Hick Well Mill

 

This was John Burnley's mill.

It was he who is said to have set up a rag machine in his barn in around 1813, worked by donkey power, and in competition with Benjamin Law's early experiments to produce shoddy. By the time Hick Lane mill was built the new product was clearly viable, and he was one of those originally involved there

Some time later John set up on his own at Hick Well nearby. This venture seems to have prospered in his time, and the firm is said to have been making druggets and pilot cloths, described as Batley's special line.

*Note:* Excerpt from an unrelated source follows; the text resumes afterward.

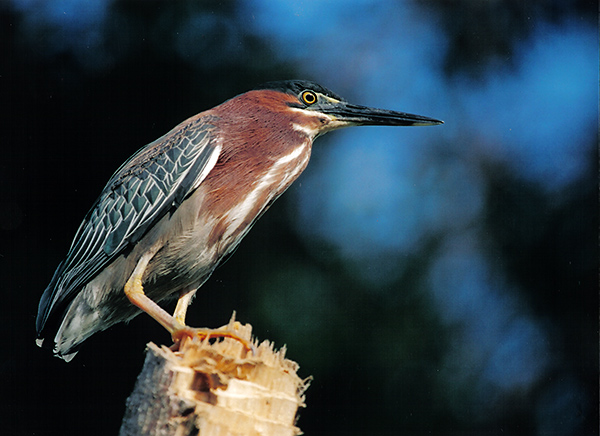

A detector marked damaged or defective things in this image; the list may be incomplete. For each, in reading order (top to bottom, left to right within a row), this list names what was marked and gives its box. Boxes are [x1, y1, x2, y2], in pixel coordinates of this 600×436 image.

Although the Parliamentary Reform Act of 1832, in introducing a £10 property qualification, did little to satisfy the working classes, it did extent the male franchise to manufacturers such as John, and its passing is commemorated by the tablet now on the wall of the former lodge and mentioned on the blue plaque illustrated here.

 

 

The firm was clearly using shoddy, for when John died in 1836 in his will, seemingly envisaging sons Abraham, Samuel and Jacob carrying on the business, he specified that son John was to have the use of one rag machine and other equipment subject to an annual fee.

Willans tells us that somehow the sons did not do so well as their father, and by 1861 the mill was for sale.


© image collection V E Tomlinson

 

It must have been then that it was bought by Sheards, who took on premises equipped for the full process of making cloth, with machines for scribbling and carding, spinning, weaving and finishing, not forgetting rooms for rag grinding. There seems to have been some rebuilding under the Sheard regime, and towards the end of their period of ownership the configuration of buildings was similar to that shown here, though the chimney was is a replacement of one formerly close to the turret of the central building, and the walkways may be a later addition.

 

 

It remained in their hands until the firm went into liquidation in 1907. It too was sold,and by the 1920s was in the occupation ofthe firm of James Hunt, importers and exporters of woollen and cotton rags. They too have gone, but some parts of the buildings remain in use, though sadly the farther substantial block in my illustration, and what were probably once weaving sheds beyond, have been destroyed in a recent fire.